The yarn is 2 strands of burgundy cotton reclaimed from a Goodwill sweater, as shown on the Neauveau Fiber Arts tutorial, combined with 1 strand of variegated tencel from Webs. The pattern stitch is the broken lace rib from Paige's Stitchionary, with picot edges learned from Purlwise.
I used Jackie Fee's Sweater Workshop to calculate the important pattern numbers. The sleeves were knit in the round and bound off at the top. The body was worked in the round with steeks for the sleeves and front, as learned from Philosopher's Wool and additional info from See Eunny Knit because I wasn't sure if the slick cotton/tencel would be okay for a steek. It is. :-)
This sweater packs up small, so it came with me as the traveling project in Paris-Belgium-Amsterdam-Luxembourg. The steeks were cut while I was in the middle of a room full of happy knitters and spinners at Spa weekend in Maine.
(As an aside, I was hanging with newbie spinaholic Bart when I cut the steeks and now look...you can find his smiling mug all over the internet. Doug is the guy who is standing in that picture. He is one of Bart's mentors. Doug's friend, Laura, is one of the kind people who helped untangle Jesse's yarn.

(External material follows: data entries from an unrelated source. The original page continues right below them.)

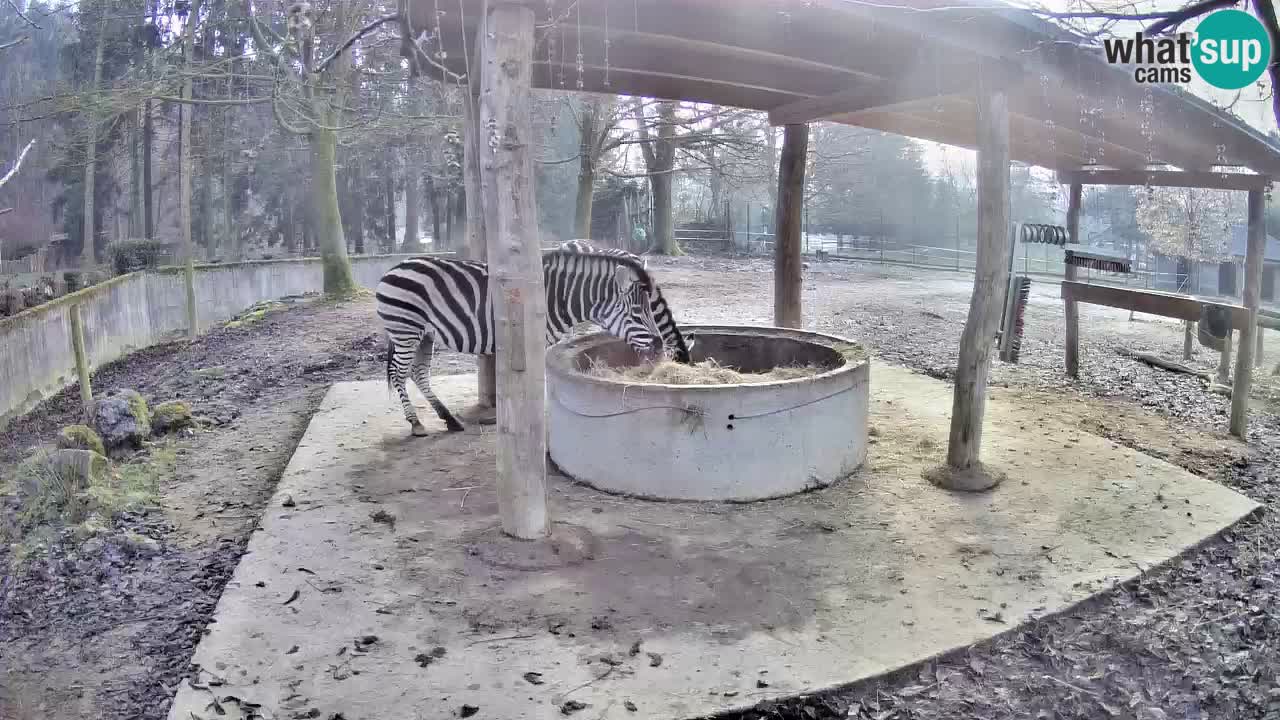 Web kamera uživo Zebras u ZOO Ljubljana – Slovenija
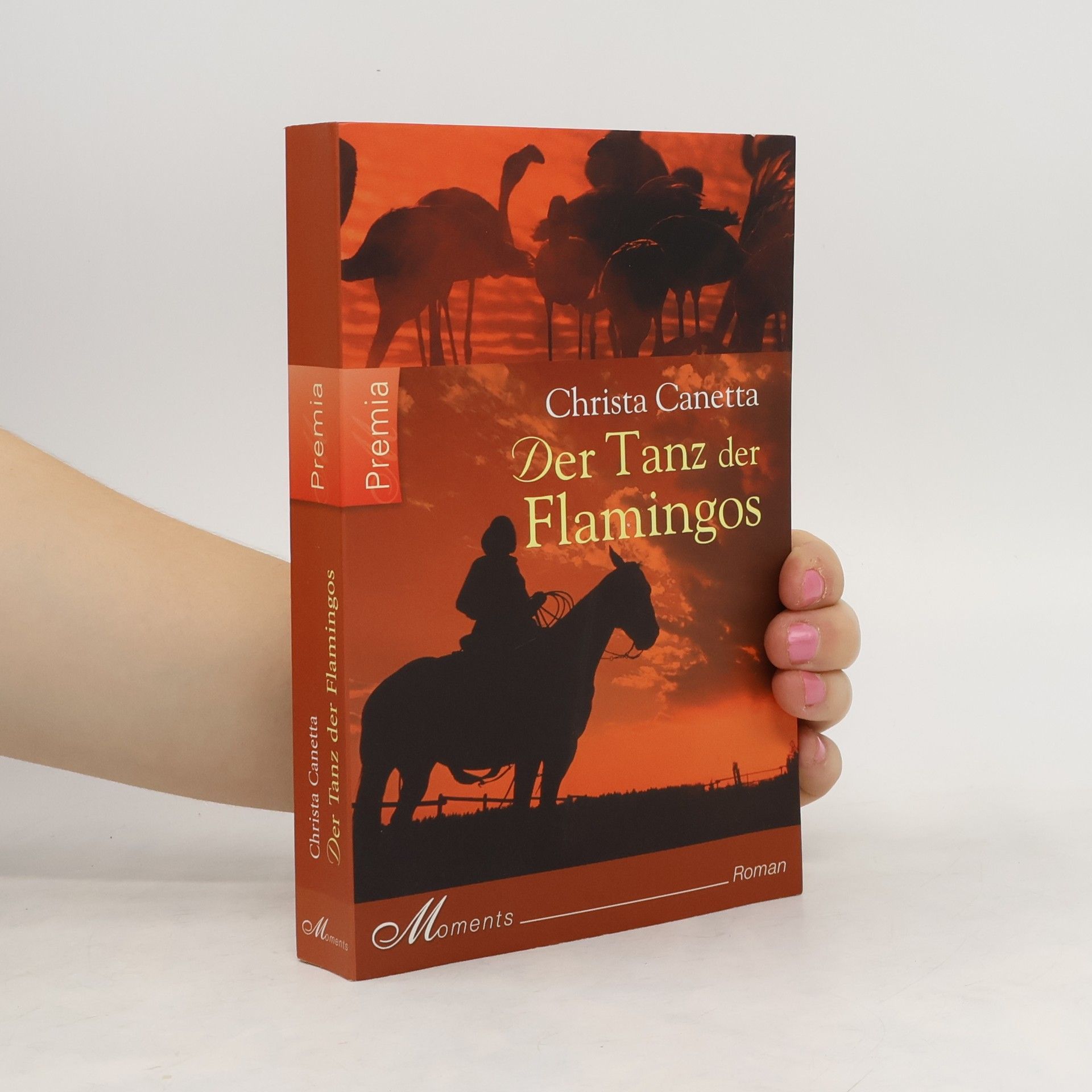 Christa Canetta Der Tanz der Flamingos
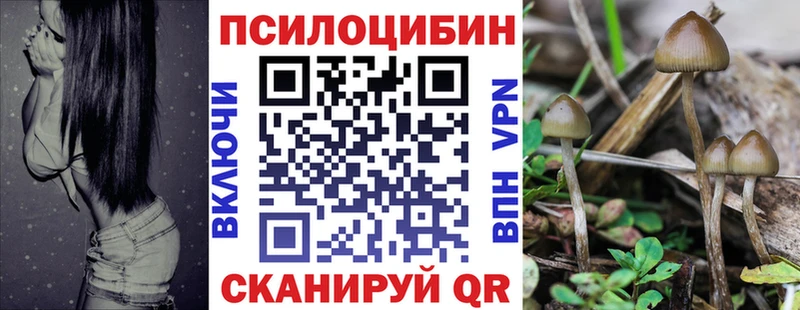 Галлюциногенные грибы ЛСД  цены   Сельцо 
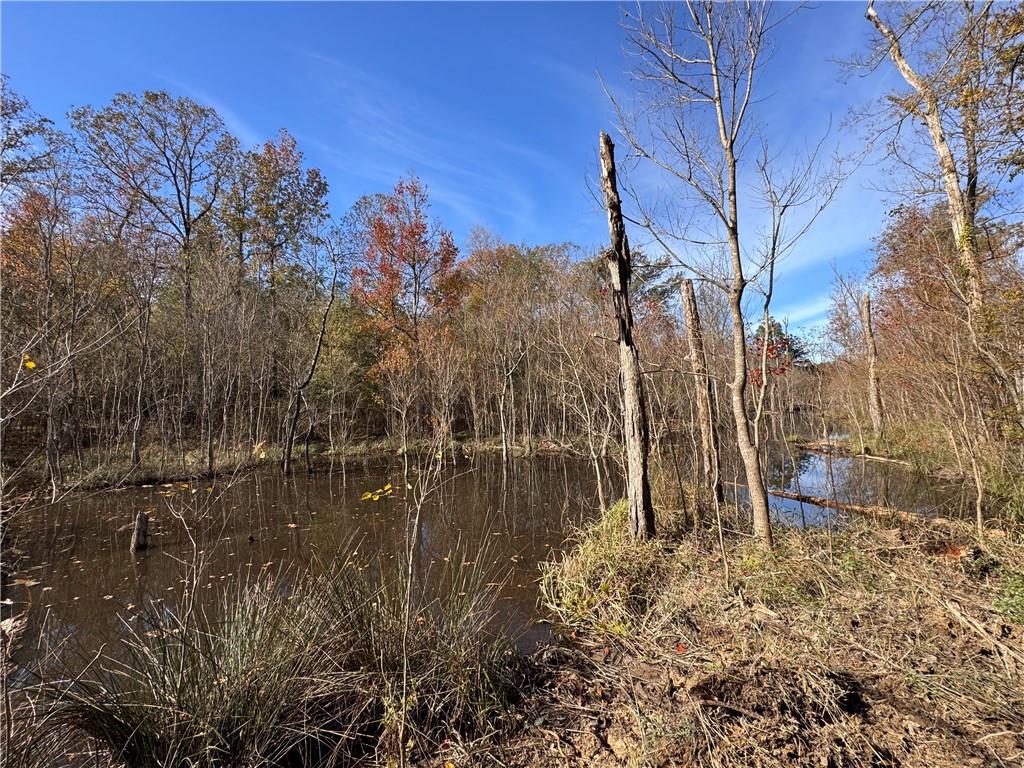 145 Q Stockman Road Deville, LA 71328 - Photo 29 of 32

Each one, teach one...and the beat goes on.)
Edited paragraph above to reflect that Laura and Doug are friends, not a married couple. Oops -- sorry, Laura and Doug!
Anyway, hybrid, yeah. I suppose all handknits and all other handmade projects are hybrids, blends of experience and techniques and resources and references all pulled together to form something new and different, but this one seems even more so for me because I think it's the first sweater I've made up really from scratch. I chose every single element, right down to the yarn combination, and it all came together and it fits (this year only, I think -- the Goob is growing fast!) and looks good and was a really satisfying knit and, best of all, she loves it.